-- Records shown follows --

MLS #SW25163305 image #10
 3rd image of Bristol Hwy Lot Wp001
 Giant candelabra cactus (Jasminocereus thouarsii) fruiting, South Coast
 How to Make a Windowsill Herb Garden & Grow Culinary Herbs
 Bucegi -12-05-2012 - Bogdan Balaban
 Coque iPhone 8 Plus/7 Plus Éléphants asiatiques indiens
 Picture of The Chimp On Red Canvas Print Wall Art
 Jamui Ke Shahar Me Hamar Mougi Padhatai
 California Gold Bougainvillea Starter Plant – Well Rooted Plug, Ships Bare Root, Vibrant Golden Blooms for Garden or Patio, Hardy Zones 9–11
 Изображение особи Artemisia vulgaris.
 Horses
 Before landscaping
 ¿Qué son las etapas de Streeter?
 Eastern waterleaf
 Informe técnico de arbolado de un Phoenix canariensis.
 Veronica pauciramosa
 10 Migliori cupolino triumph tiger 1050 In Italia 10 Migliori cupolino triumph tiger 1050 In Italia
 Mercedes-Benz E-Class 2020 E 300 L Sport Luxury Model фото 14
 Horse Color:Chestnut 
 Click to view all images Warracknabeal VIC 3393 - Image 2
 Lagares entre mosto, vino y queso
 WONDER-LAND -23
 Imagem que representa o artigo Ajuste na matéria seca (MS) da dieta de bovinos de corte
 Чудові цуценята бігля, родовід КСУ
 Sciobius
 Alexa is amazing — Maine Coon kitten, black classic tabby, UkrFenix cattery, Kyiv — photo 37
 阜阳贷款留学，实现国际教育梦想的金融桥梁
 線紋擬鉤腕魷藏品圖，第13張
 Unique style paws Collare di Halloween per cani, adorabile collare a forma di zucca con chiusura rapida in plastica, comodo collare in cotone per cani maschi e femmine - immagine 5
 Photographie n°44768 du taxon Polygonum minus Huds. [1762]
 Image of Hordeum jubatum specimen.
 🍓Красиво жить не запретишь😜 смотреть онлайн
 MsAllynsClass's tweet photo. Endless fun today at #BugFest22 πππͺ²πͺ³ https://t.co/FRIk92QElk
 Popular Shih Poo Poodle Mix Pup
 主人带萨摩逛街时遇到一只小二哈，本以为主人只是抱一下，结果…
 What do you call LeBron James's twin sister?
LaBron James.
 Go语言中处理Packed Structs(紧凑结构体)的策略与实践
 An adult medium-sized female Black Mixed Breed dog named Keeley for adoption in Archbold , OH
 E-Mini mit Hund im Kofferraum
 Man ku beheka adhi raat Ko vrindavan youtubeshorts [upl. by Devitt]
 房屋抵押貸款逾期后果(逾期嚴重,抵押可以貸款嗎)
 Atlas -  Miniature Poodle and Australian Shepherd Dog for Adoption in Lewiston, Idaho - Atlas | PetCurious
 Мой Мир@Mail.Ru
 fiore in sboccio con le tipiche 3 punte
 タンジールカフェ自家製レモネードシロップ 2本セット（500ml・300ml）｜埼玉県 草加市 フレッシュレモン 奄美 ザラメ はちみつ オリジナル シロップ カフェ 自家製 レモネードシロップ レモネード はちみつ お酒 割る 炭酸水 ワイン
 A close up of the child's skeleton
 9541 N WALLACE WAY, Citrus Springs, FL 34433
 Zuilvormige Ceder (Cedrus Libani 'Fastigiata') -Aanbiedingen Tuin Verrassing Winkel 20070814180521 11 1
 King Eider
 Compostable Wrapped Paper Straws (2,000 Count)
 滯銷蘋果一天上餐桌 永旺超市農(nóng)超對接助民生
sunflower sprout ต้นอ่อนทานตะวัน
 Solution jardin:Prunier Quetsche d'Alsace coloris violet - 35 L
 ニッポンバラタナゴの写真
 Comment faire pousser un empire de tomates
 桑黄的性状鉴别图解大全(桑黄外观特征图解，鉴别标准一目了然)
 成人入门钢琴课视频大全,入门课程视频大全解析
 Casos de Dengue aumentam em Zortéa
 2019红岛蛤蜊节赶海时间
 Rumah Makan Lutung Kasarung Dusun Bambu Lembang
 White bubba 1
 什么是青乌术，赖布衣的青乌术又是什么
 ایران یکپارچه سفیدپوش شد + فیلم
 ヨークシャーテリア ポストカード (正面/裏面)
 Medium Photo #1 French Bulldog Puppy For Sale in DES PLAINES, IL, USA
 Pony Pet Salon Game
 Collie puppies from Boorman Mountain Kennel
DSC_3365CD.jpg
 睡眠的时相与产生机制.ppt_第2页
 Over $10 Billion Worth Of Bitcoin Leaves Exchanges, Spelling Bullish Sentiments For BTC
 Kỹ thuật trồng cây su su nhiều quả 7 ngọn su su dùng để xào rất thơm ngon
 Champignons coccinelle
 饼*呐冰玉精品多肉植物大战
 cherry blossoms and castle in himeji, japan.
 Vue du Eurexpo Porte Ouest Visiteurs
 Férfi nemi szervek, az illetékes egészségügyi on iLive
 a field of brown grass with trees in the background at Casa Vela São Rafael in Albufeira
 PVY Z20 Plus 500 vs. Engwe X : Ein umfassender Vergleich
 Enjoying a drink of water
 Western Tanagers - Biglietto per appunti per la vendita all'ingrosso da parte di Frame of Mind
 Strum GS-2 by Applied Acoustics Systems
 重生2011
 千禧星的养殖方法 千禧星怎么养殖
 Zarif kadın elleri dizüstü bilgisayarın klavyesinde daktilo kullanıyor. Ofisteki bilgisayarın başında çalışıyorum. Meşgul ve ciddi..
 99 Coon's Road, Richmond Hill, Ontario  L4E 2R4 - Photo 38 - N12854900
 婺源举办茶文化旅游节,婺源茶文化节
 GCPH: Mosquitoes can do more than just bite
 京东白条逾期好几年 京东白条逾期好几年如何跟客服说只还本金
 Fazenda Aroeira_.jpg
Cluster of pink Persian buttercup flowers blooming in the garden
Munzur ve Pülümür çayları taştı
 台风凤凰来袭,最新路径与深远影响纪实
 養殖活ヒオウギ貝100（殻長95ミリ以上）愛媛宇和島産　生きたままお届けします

-- Records shown concluded --

Copy out every line in the listing where the word "Coon" appears.

## Solved problem:
 Alexa is amazing — Maine Coon kitten, black classic tabby, UkrFenix cattery, Kyiv — photo 37
 99 Coon's Road, Richmond Hill, Ontario  L4E 2R4 - Photo 38 - N12854900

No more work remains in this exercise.